An effectual addition is an addition of axiom α from Oi to Oi
+1 if α is not asserted and not entailed in Oi and it is
asserted and entailed in Oi +1. Effectual removals of β from Oi
to Oi +1 if β is asserted and entailed in Oi and it is
not asserted and not entailed in Oi +1(it is removed from the asserted
and from the entailment sets for Oi +1). Ineffectual removals and
additions are those additions and removals that only take place on the asserted
set and not in the entailment set. In my presentation, I am not stating that
ineffectual removals are faults. As you pointed out in the discussion, there
could be many practical reasons for axioms to appear only in the entailment set
and not in the asserted ontology. What I am highlighting in my presentation is
that we find axioms through out the life of the ontology that enter, exit, and
re-enter the ontology in different versions unchanged. It is in this entry/exit/re-entry cycles that we find
patterns in the type of additions and removals, which help us to further
classify the cycles into indicating and suggesting faults in the sequence of
changes due to their effectual and ineffectual editing events.
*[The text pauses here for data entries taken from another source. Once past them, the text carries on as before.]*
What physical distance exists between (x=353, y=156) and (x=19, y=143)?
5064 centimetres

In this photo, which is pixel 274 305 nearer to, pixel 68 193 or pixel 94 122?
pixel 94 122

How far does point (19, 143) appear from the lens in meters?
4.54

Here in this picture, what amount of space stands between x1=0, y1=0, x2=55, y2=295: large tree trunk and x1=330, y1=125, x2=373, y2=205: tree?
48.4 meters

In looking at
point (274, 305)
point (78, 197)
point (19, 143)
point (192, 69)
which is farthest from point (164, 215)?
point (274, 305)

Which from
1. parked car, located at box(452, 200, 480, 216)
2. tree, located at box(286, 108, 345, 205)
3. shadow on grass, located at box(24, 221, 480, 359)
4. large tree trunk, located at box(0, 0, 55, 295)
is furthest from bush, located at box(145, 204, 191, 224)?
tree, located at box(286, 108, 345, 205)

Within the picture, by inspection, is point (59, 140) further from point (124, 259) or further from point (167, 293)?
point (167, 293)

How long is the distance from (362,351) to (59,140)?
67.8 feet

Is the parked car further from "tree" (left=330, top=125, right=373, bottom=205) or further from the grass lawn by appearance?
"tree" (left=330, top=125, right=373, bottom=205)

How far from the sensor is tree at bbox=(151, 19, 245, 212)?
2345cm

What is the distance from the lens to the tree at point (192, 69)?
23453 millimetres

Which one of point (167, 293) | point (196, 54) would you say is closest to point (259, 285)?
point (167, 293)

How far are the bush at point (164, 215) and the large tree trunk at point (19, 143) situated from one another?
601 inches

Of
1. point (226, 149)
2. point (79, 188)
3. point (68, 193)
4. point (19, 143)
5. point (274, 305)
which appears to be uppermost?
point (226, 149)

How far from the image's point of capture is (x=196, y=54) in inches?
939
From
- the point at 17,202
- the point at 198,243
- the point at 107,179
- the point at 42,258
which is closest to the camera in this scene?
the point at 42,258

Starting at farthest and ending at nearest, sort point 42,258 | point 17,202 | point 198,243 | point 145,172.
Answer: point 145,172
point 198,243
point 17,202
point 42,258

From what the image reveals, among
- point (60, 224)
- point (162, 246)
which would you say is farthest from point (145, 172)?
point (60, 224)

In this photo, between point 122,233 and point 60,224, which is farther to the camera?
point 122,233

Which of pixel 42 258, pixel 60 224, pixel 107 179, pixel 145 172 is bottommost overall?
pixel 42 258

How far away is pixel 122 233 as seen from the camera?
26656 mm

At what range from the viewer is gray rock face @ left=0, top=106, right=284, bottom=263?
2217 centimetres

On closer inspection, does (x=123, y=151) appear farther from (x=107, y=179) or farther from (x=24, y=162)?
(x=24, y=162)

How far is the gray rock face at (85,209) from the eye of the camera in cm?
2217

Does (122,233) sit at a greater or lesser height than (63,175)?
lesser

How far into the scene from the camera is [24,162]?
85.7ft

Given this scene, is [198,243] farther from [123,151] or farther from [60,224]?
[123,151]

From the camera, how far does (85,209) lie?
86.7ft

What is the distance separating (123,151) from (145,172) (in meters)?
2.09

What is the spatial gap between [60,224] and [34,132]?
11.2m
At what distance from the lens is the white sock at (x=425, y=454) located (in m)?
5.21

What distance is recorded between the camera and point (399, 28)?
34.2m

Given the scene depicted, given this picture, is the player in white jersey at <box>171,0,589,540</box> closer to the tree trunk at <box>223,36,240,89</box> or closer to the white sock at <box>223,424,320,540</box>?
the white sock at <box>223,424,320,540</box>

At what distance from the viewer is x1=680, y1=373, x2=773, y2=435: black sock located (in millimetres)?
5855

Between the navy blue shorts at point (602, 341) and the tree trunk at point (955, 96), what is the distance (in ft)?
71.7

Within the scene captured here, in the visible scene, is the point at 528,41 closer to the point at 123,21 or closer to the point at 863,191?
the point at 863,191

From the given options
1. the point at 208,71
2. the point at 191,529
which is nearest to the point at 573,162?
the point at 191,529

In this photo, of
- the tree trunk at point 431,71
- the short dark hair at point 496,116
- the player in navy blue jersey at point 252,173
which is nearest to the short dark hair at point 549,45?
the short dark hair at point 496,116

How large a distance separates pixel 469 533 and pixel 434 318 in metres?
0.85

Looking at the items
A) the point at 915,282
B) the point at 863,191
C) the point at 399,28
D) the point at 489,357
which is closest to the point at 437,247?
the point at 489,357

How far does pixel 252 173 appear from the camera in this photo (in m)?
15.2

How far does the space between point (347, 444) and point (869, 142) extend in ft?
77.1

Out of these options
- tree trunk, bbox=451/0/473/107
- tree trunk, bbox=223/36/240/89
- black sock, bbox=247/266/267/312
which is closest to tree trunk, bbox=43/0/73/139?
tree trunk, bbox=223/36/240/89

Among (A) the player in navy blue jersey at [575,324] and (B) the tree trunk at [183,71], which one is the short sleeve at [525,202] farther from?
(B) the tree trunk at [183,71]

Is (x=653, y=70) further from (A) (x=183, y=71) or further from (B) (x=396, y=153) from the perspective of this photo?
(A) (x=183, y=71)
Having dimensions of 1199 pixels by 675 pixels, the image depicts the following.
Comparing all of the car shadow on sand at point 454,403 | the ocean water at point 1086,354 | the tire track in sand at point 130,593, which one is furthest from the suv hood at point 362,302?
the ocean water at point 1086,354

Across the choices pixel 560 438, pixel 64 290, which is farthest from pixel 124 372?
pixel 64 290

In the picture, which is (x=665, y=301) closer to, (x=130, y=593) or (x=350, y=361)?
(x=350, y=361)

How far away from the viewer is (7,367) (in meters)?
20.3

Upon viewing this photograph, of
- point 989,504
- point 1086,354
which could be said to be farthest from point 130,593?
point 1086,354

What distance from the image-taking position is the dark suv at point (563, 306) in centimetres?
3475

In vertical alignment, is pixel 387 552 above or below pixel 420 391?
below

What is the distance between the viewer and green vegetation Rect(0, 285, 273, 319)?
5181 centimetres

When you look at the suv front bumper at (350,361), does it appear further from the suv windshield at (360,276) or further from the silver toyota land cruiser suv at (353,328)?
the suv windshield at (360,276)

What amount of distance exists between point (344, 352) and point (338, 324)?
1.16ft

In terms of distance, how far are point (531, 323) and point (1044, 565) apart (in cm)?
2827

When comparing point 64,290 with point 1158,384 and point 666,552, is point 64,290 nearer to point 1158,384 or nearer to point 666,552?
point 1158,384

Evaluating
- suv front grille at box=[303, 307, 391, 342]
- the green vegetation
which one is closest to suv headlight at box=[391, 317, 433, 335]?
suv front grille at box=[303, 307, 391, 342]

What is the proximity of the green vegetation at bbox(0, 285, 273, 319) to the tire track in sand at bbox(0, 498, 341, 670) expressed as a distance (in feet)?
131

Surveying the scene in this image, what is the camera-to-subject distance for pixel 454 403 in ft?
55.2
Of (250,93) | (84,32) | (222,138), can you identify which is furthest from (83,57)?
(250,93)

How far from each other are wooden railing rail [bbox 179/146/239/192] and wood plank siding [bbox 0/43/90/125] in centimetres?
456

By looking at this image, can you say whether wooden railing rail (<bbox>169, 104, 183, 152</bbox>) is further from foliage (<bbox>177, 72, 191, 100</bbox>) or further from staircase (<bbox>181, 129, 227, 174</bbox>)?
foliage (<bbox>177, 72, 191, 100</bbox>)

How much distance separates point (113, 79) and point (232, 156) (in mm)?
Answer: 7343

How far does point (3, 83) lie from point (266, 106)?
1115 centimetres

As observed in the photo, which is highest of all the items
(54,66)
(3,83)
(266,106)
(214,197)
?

In the
presentation slides 29, 30, 31 you can see the different patterns of
entry/exit/re-entry and their effectual and ineffectual patterns. As an
example, we say that the presence of an axiom has an indication of faults in
the sequence of change if it is effectually added to the ontology in version 1,
then it is ineffectually removed in versions 4, then in version 5 it’s effectually
removed, yet it appears again in version 7 unchanged through and effectual
addition only to remain until version 10 where it is effectually removed. The
fact that this axiom enters the ontology in version 1 and in version 7
unchanged shows that there is a regression in the content of the ontology for
this axiom from version 7 to version 1. It also indicates that the first
removal was done in two separate stages, an ineffectual removal in version 4,
and an effectual removal in version 5, which suggests that the intent is for
this axiom to be completely removed from the ontology. Its reappearance in
version 7 suggest that the first removal could be a fault (an unintended
action) and it was ‘fixed’ in version 7. Or that the addition in version 1 and
removal in version 5 was intended but the re-introduction in version 7 is a
fault. From the ontology data itself we cannot say which one is the fault, but
we can point out to developers and domain experts these axiomatic content ‘regressions’ through out the life of the ontology. The study of axioms life span (how long does an axiom exist in an ontology) helps us identify these
content regression sequences and their patterns. Doug’s question is: “could these changes be
a result of different users having different ideas of what the terms (should)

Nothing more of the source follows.